The real lesson of the end of the Cold War is not that capitalism is inevitable--it is that empires always fall. While "socialism without freedom" had crumbled by 1992, "freedom without socialism" has yet to expire. That revolution remains possible--even today--provided that we fight for it the way people did in Genoa.
Review Quotes
"Tomas Rothaus's writing is able to thread the ever-thin-needle between lived history, the rush of revolutionary moments, incisive analysis, and humor in his writings on Genoa. I cannot recommend his work highly enough to anyone who wants to understand both radical anarchist politics and the lessons that the anti-globalization movement of the 90s and early 2000s has to offer us."

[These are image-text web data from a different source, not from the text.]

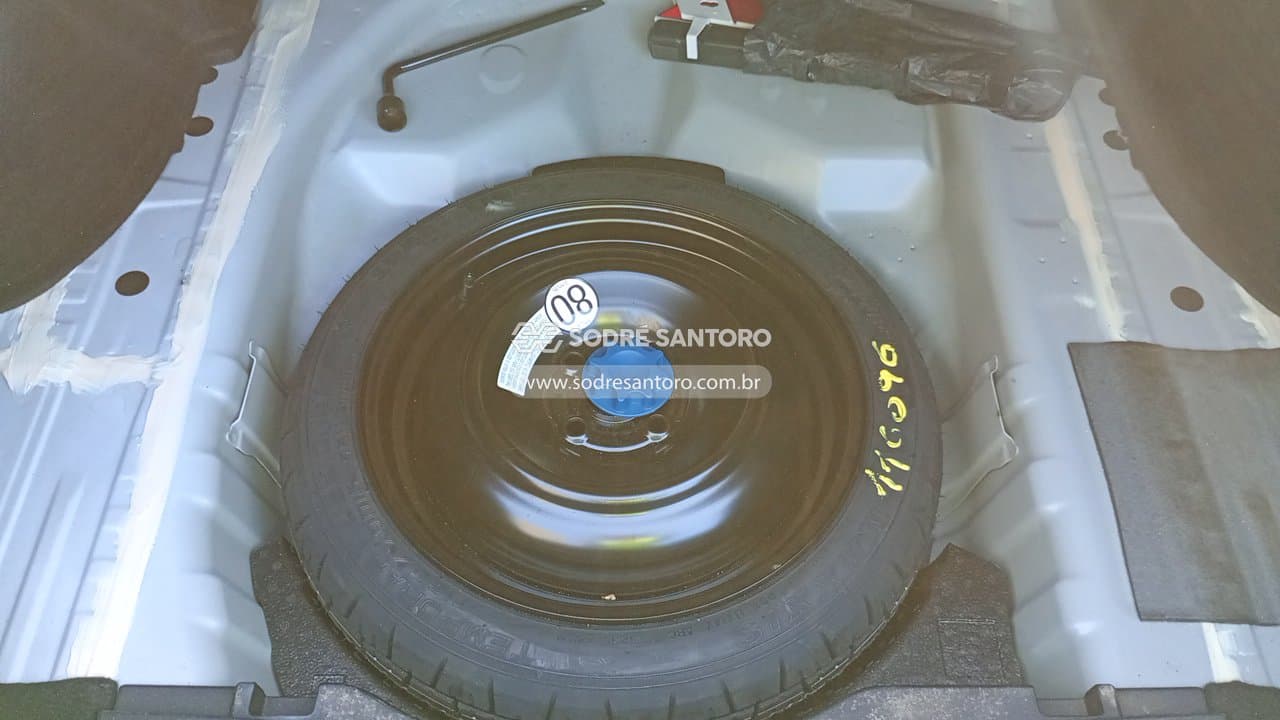 Toyota Yaris Sa Xl15 2025 — foto 9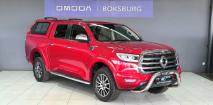 GWM P-Series 2.0TD Double Cab LT M5 Auto Commercial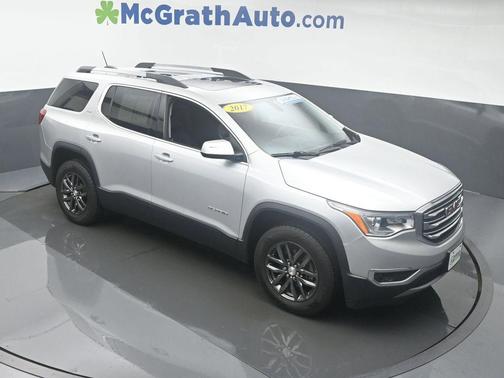 2017 GMC Acadia SLT-1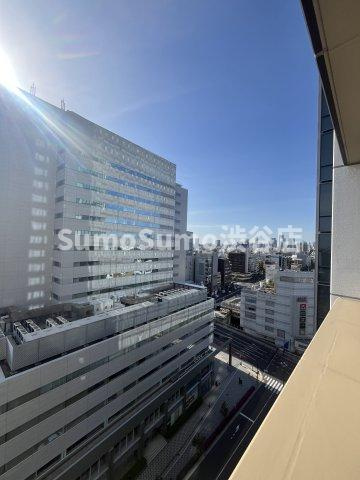 目黒第一マンションズの展望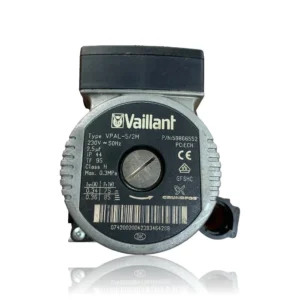 Grundfos Umwälzpumpe VPAL-5/2M für Vaillant VM/VMW Ref. 178983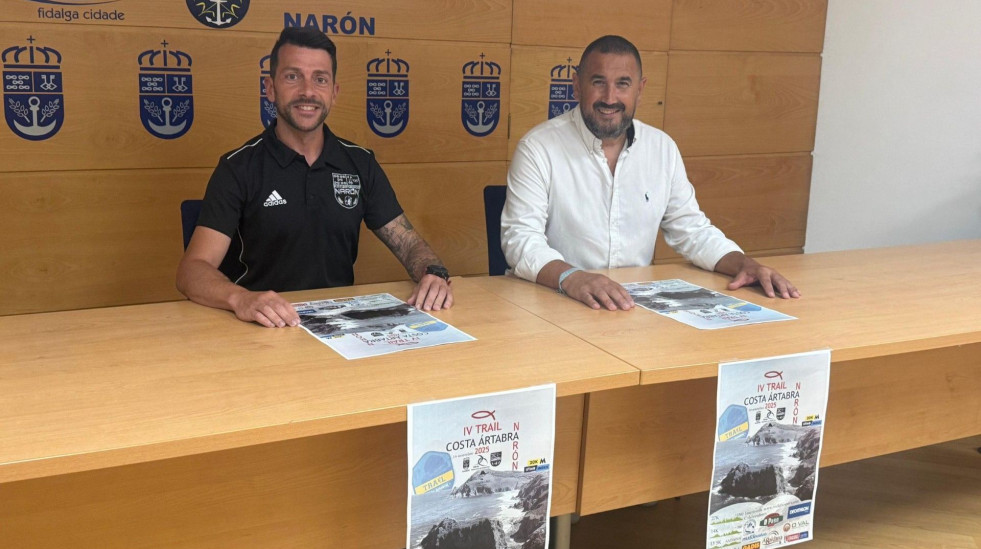 Abierto el plazo para tomar parte en las cuatro pruebas de la IV edición del “Trail Costa Ártabra” de Narón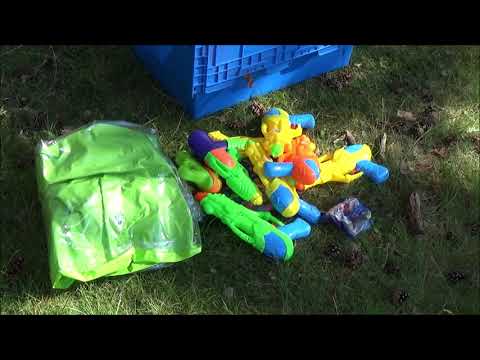 YouTube video
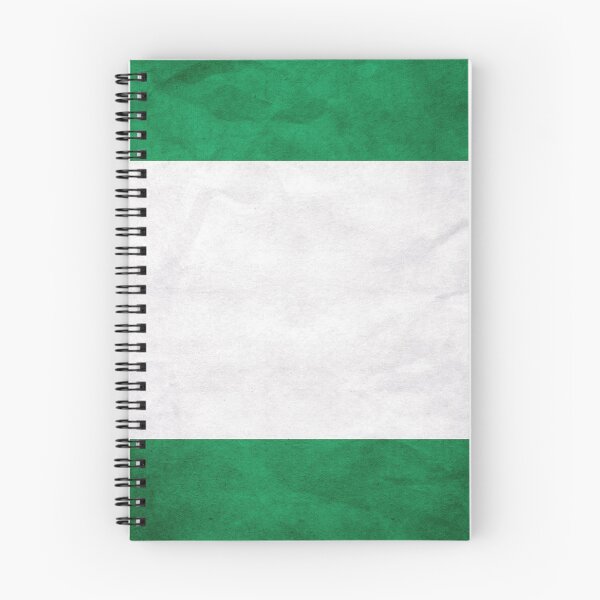 Item preview, Nigeria | Nigerian Flag | National Flag of Nigeria designed and sold by RedeyeDigital.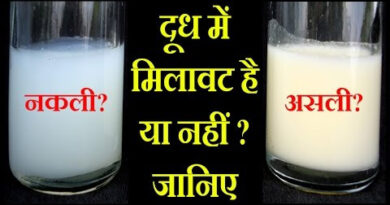 दूध में मिलावट करने वालों की खैर नहीं, IIT ने तैयार की स्पेशल किट, सिर्फ 1 रुपये में पर्दाफाश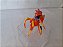 Zhuqiaomon , Digimon super vilão , sem marca, 10 cm - Imagem 7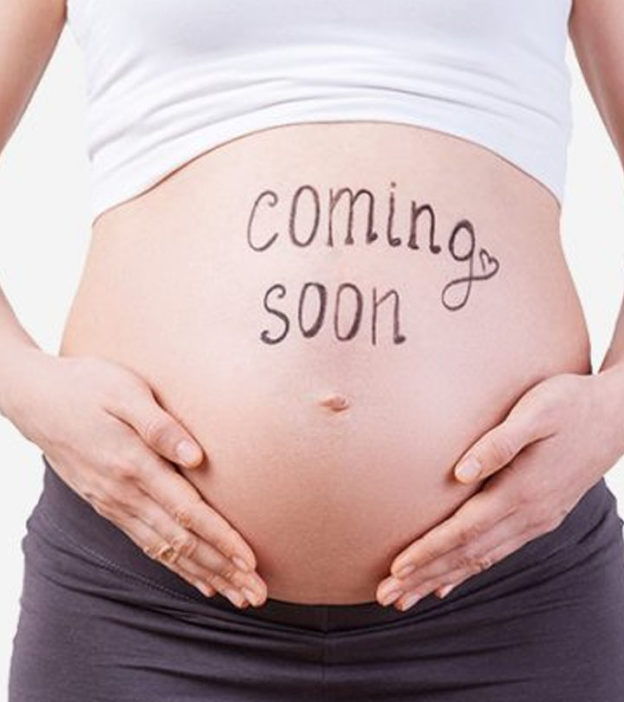 15种搞笑的方式告诉大家你怀孕了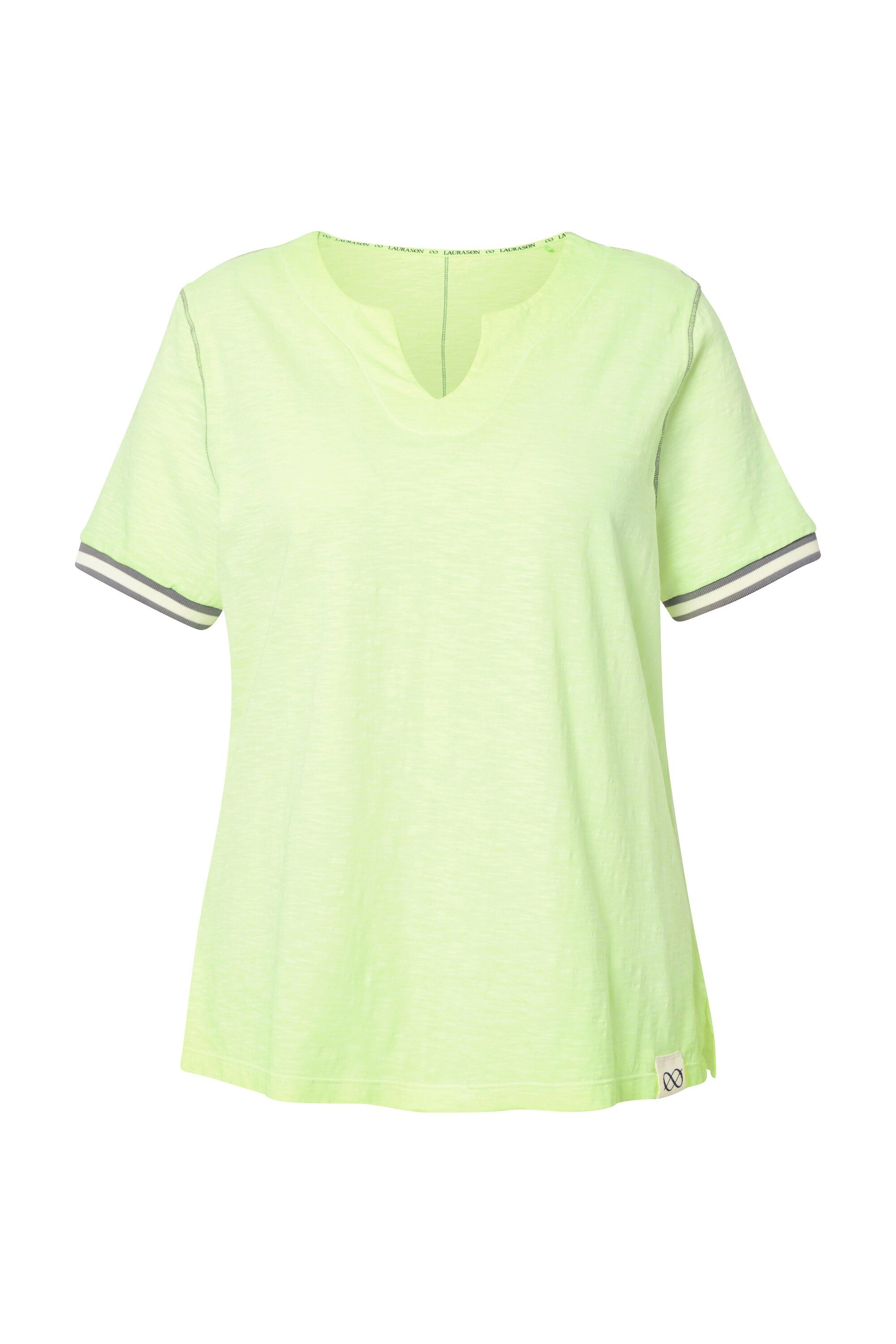 Laurasøn T-Shirt T-Shirt 1/2 Arm Rundhals günstig online kaufen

--Charlie Allison, author of No Harmless Power: The Life and Times of the Ukrainian Anarchist Nestor Makhno
"In the past half century, there was one tiny window when a global anticapitalist movement was on the offensive: the short years of the so-called antiglobalization movement at the turn of the millennium. That window was shut with the crackdown on the G8-summit protests in Genoa, Italy, in July 2001. The state raised the stakes and the movement could not answer. No serious analysis of the potentials and pitfalls of revolutionary anticapitalist politics can do without revisiting this pivotal moment in history, and no one is more suited for the task than Tomas Rothaus, the rising star of contemporary revolutionary historiography. An eyewitness to the events, he takes us back with an unfailing sense for the essentials, rolled into a narrative that is both enlightening and hugely entertaining. If books decided the revolution, this one would carry us over the finish line with ease."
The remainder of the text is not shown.